Exercise aim. Beginning with the line where "MNKE IMR-26650 and" occurs, transcribe every line exactly through the last line of the listing below, and no others.
BEGIN Input data
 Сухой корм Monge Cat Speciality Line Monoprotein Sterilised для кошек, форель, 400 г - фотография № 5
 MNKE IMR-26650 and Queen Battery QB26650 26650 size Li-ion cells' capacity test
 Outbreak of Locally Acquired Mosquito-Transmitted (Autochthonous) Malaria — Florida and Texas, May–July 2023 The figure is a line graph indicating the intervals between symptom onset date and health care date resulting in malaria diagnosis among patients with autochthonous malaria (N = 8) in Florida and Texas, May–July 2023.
END Input data
Answer to this problem.
 MNKE IMR-26650 and Queen Battery QB26650 26650 size Li-ion cells' capacity test
 Outbreak of Locally Acquired Mosquito-Transmitted (Autochthonous) Malaria — Florida and Texas, May–July 2023 The figure is a line graph indicating the intervals between symptom onset date and health care date resulting in malaria diagnosis among patients with autochthonous malaria (N = 8) in Florida and Texas, May–July 2023.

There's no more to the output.